La salute in carcere prima del Covid-19
Con il Dpcm del 1 aprile 2008 si è cercato di attuare il passaggio di competenza sanitaria dal Ministero della Giustizia al Sistema Sanitario Nazionale. La situazione registrata dopo dieci anni si è rivelata complessa. Nel 2019 c’era un solo medico di base in ogni carcere per ogni 315 detenuti, per un totale di 1.000 medici di base e di guardia nei circa 200 istituti di pena italiani. Troppo pochi per garantire un servizio adeguato. Il 70% dei medici è precario. Ovviamente, il numero varia da carcere a carcere a seconda della capienza della struttura, ma in media come si è detto è presente un medico ogni 315 detenuti. In alcune realtà manca addirittura il medico di base (Ansa, 2019).
L’esperienza della detenzione è già di per sé un rischio per la salute, per le condizioni degradate di strutture, celle e spazi comuni, per il sovraffollamento e l’elevato turn over delle persone detenute e quindi per il maggiore rischio di contrarre malattie infettive. Occorre tener presente che le condizioni di vita negli istituti di detenzione, particolarmente inadeguate per affrontare una crisi pandemica di questa portata, possono agire come fattori altamente stressanti e aggravare una situazione già critica a causa dell’isolamento forzato in un contesto di coabitazione altrettanto forzata (A. Camposeragna, 2020).
Un altro elemento da sottolineare: l’età avanzata della popolazione carceraria, più suscettibile quindi alle complicazioni e al rischio di morte da Covid-19.

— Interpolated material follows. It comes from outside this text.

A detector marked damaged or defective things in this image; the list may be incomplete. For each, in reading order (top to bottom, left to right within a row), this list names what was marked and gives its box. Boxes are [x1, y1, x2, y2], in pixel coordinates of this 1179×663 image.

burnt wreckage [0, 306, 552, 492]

Tra i detenuti è maggiore:
- la prevalenza di Hiv, Hcv, Hbv e tubercolosi rispetto alla popolazione libera, principalmente a causa della criminalizzazione dell’uso della droga e la detenzione di persone che ne fanno uso (la prevalenza di infezione da Hiv tra i detenuti è del 4,8%, contro lo 0,2% della popolazione in generale; l’incidenza della tubercolosi è maggiore di 23 volte rispetto a quella della popolazione in generale);
- la probabilità di contrarre patologie anche negli individui sani.
L’aumento del rischio riguarda non solo le infezioni quali Hiv e Hcv, ma anche la possibilità di sviluppare dipendenza da sostanze psicotrope o di ammalarsi di disturbi mentali, in misura maggiore rispetto all’incidenza delle stesse patologie nella popolazione generale. Si tratta di una questione di salute pubblica: prima o poi la maggioranza dei soggetti privati della libertà viene reintegrata nella società dei liberi (P. Tozzo, G. D’Angiolella, L. Caenazzo, 2020). Il loro reinserimento da persona sana è un diritto costituzionale e un dovere civico.

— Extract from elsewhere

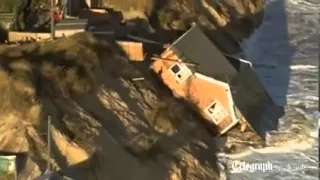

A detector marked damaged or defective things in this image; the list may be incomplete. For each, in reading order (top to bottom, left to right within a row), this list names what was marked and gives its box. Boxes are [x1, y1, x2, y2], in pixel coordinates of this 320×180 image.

broken timber debris [151, 24, 282, 139]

Un trial multicentrico del 2014 ha coinvolto istituti penitenziari di sei regioni del centro nord: Toscana, Veneto, Lazio, Liguria, Umbria e Azienda sanitaria di Salerno, fotografando le condizioni di salute di circa 16.000 detenuti in 57 istituti (circa il 30% del totale nazionale degli istituti). Il 70% del campione era affetto da una qualche patologia, con differenze di genere (uomini 67%, donne 75% e transgender 95,7%) ed età (18-29 anni 58,4%, 30-39 anni 63,9%, 40-49 anni 70,9%, 50-59 anni 76,7%, >60 anni 82,6%). Oltre il 40% dei pazienti arruolati presentava una patologia psichiatrica (ansia, disturbo nevrotico o reazioni di adattamento, depressione). Molti presentavano dipendenza da sostanze stupefacenti (il 24% di tutto il campione, con la cocaina che è risultata la sostanza più utilizzata). Seguivano le malattie dell’apparato digerente e, con il 14,5%, le patologie dei denti e del cavo orale.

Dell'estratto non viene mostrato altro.